Mechanical stability of advanced nano-interconnects using pico-indentation

The PhD offers an exciting opportunity to explore and enhance the mechanical reliability of advanced nano-interconnects. These interconnects handle power and signal distribution in electronic circuits between transistors and to the outside world. In next-generation IC’s, the goal is to use interconnects that are below 10 nm in width, separated by only a few nm’s of air. Although such advanced nano-interconnects are great from an electrical point-of-view, their mechanical durability is heavily challenged. During processing and during/after packaging, interconnects need to withstand immense stress in the order of a few 100 MPa and higher.

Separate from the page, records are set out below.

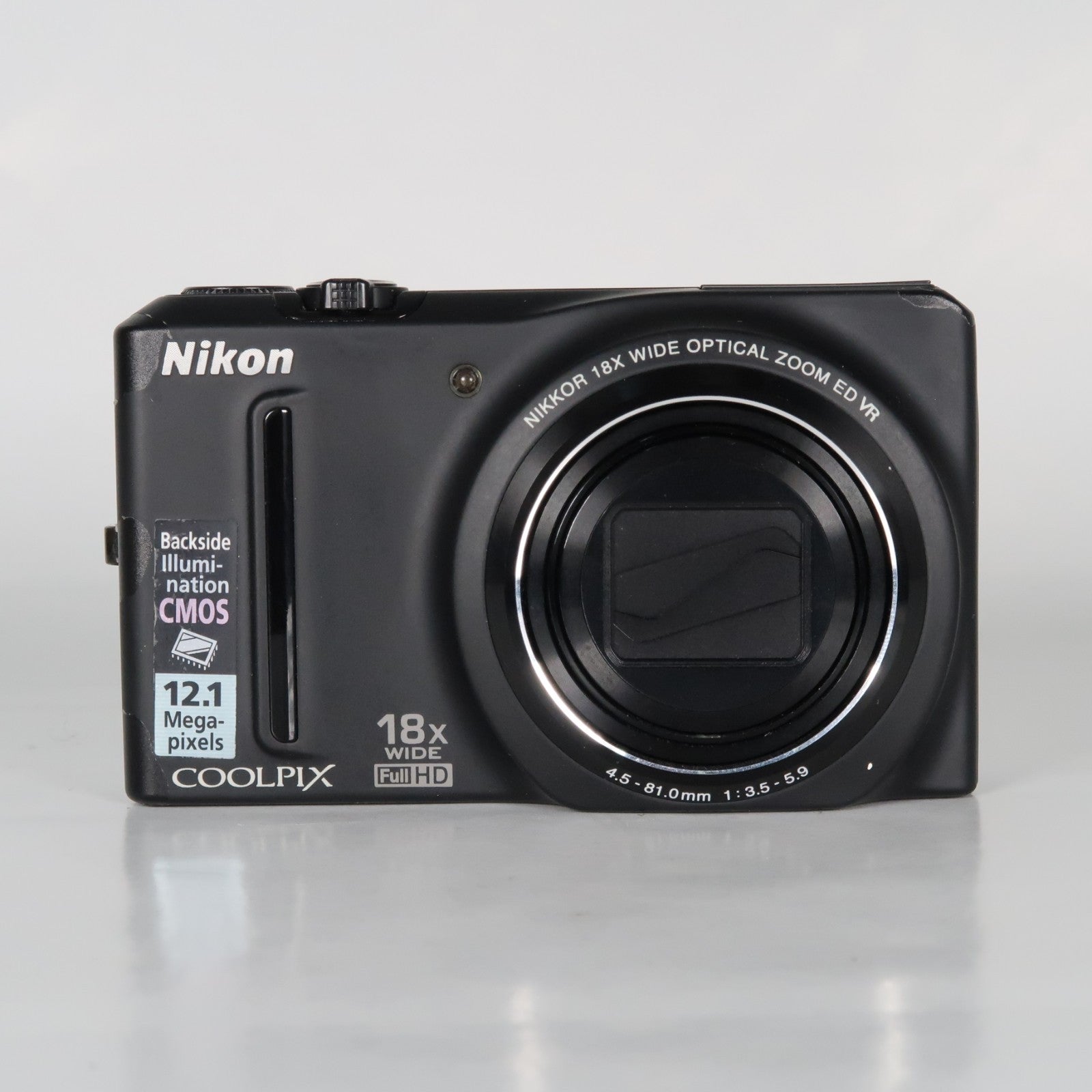 Nikon Coolpix S9100 12.1MP 18x Digital Camera Black – Very Good Condition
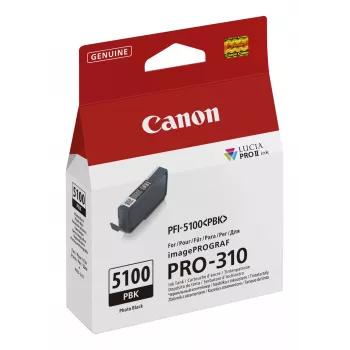 Canon PFI-5100 PBK wkład atramentowy 1 szt. Oryginalny Photo Czarny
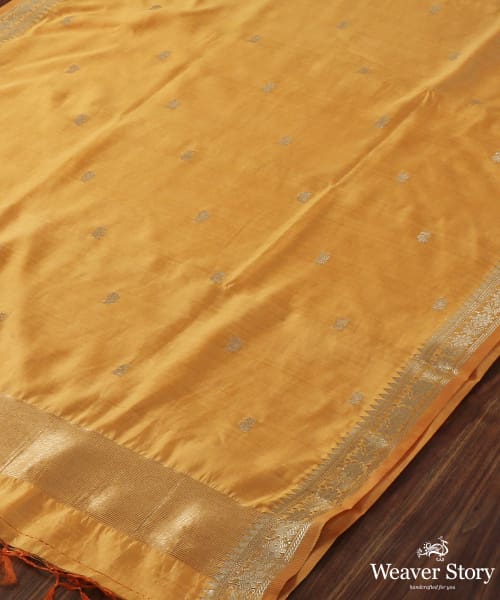 Yellow_Handloom_Banarasi_Raw_Silk_Dupatta_with_Bootidar_Design_WeaverStory_03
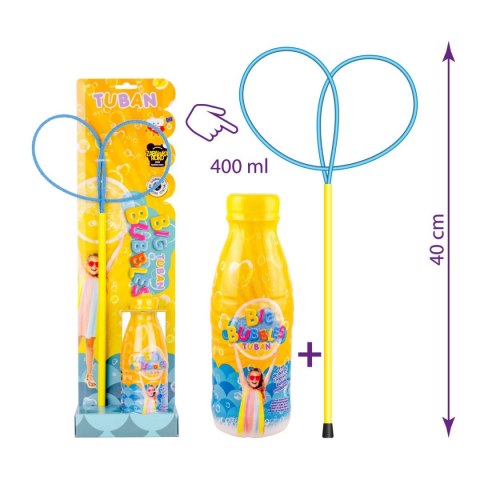 Bańki mydlane Obręcz Pro Motylek + płyn 400ml Tuban (TU3200)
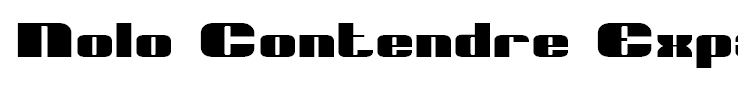 Nolo Contendre Expanded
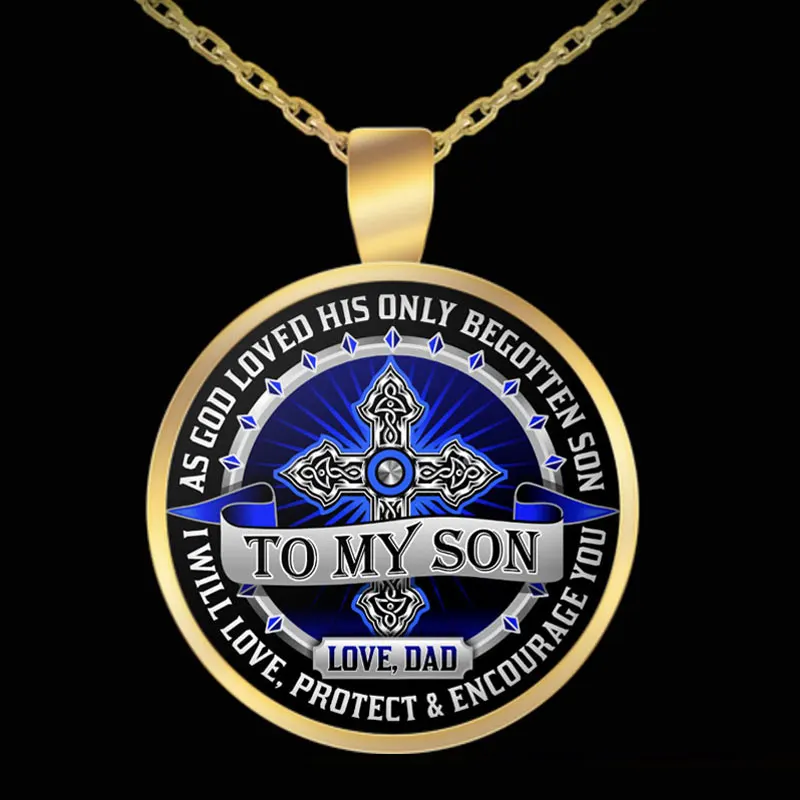 Стеклянный кабошон для моего сына эффектные ожерелья и подвески ювелирные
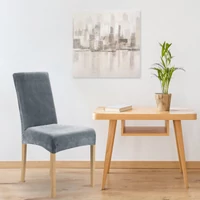 Kép 1/3 - Víztaszító bársony székhuzat 04 Acélszürke 35x55x30 cm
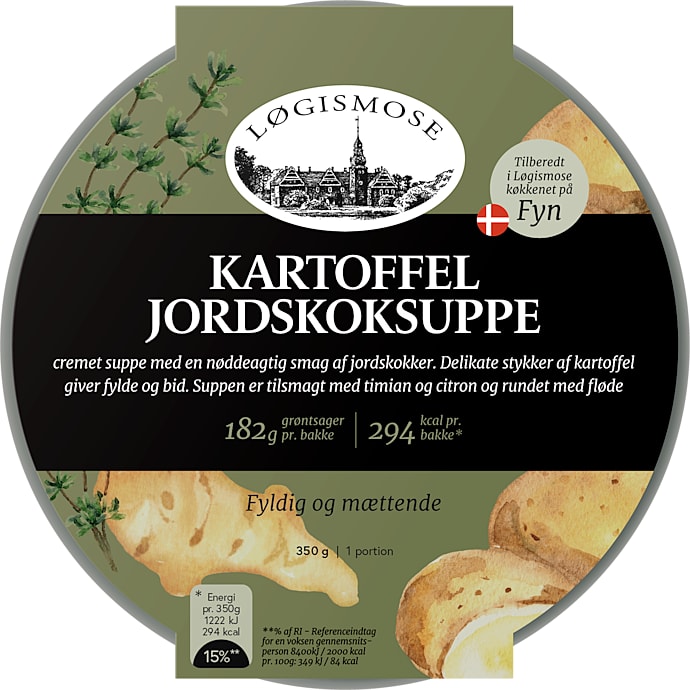 Kartoffel- og jordskokkesuppe – produktbillede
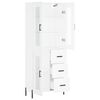 vidaXL Highboard White 69.5x34x180 cm Engineered Wood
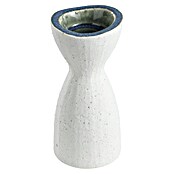 Eglo Kerzenständer Daijia (Ø x H: 6,8 x 14,6 cm, Creme/Blau, Ton) | BAUHAUS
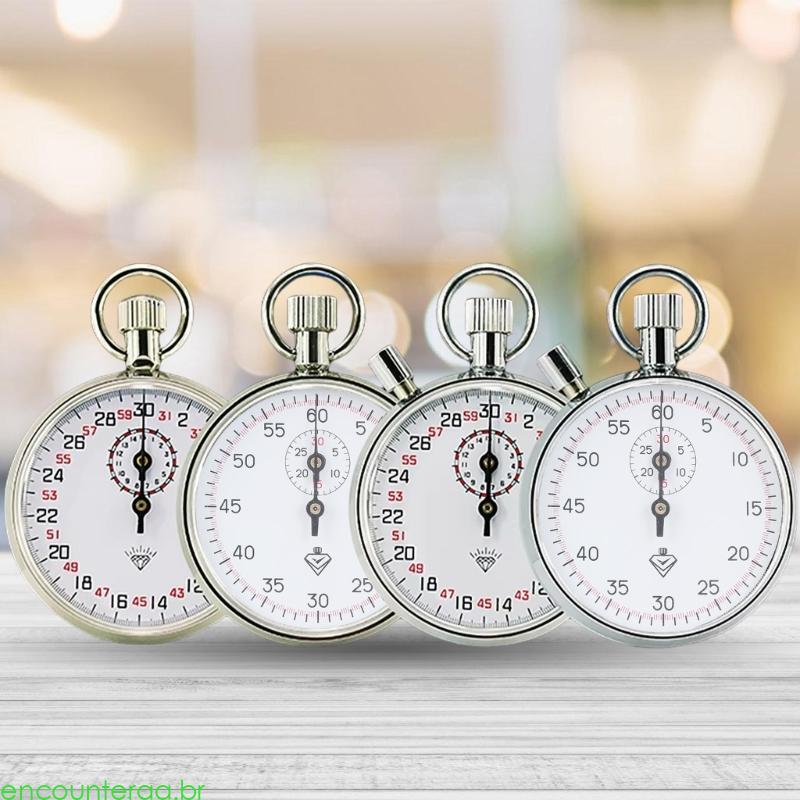 Encountera Cronômetros Mecânicos Clássicos Escala 30 60 Segundos Para Treinamento E Competições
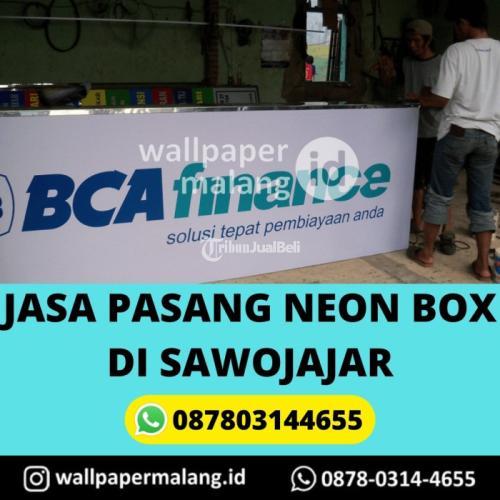 Jasa Pasang Neon Box di Sawojajar - Malang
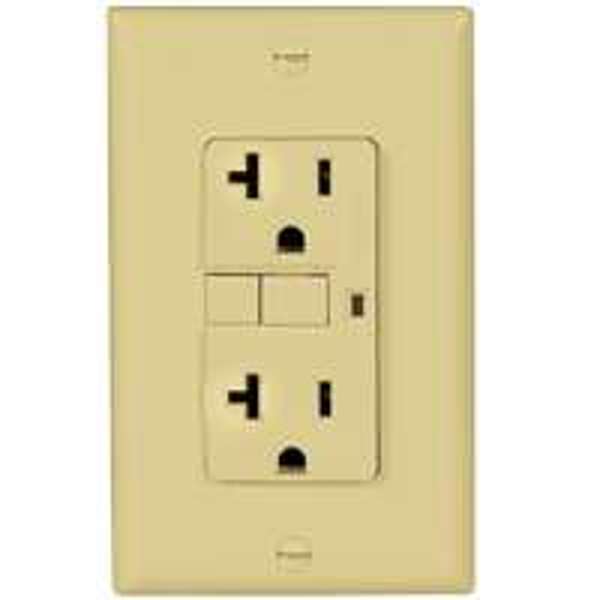 EATON-COOPER WIRING VGF20V GFCI Duplex Receptacle 20A 125V Ivory
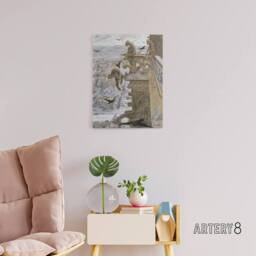 "Artery8 Luc Olivier Merson Notre Dame Paris France Canvas Wall Art Print in Grey - Size: W12"" x H16""" - thumbnail 3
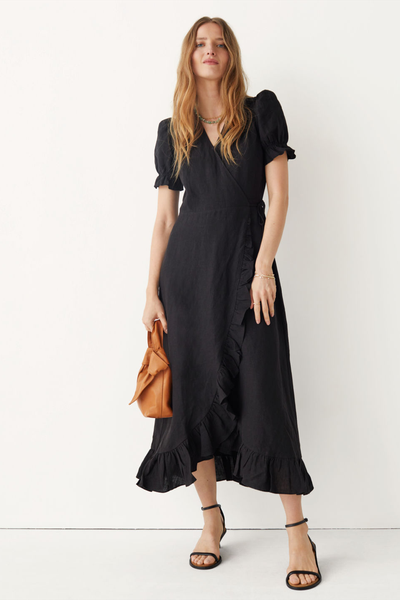 Ruffled Wrap Midi Dress, £95 | & Other Stories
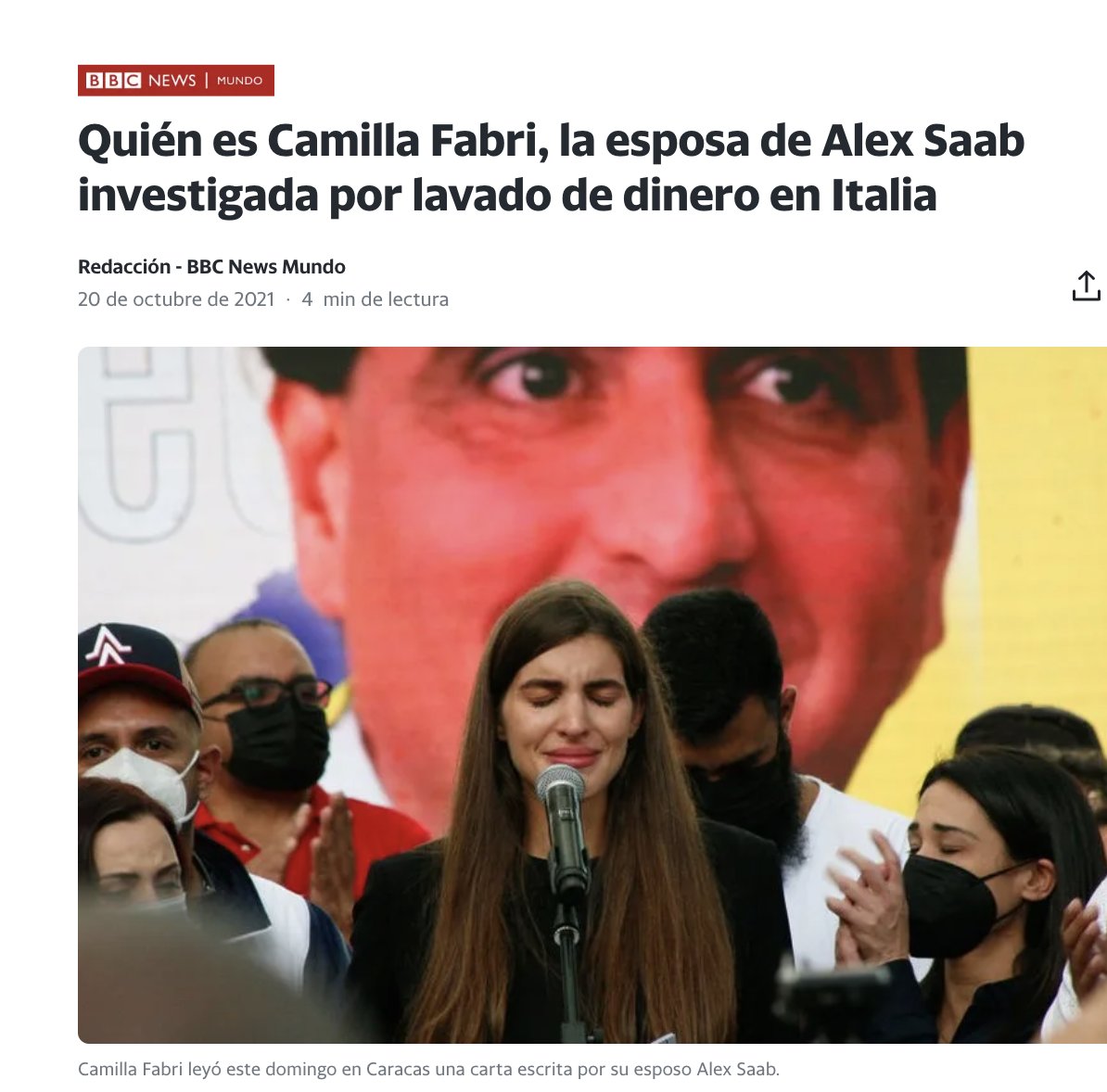 maibortpetit's tweet photo. 1/ 🚨 Camilla Fabri, esposa del colombiano Álex Saab, acusado de corrupción y lavado de dinero en #EEUU, ahora ocupa el cargo de Viceministra de Comunicación Internacional del régimen de Nicolás Maduro. ¿Qué significa esto? Te explico: 🧵👇 https://t.co/O5g4q1RP3Q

During this PhD, you will study the mechanical stability of next-gen nano-interconnects experimentally through a state-of-the-art in-situ nanomechanical testing tool, such as a pico-indenter integrated into an advanced electron microscope. This allows to locally apply high mechanical loads, while visualizing real-time collapse/failure of such nanostructures at the nm-scale. Combined with advanced simulations, you will unravel the deformation and failure mechanisms that occur at this fascinating nano-scale, which will help greatly with improving the next generation of IC’s.

This PhD position offers a unique opportunity to perform cutting edge research with state-of-the-art infrastructure at one of the most innovative research organizations in Belgium. The supervisors of this PhD are world-recognized experts from both KU Leuven and imec in the field of nano-indentation and related thermo-mechanical modeling techniques.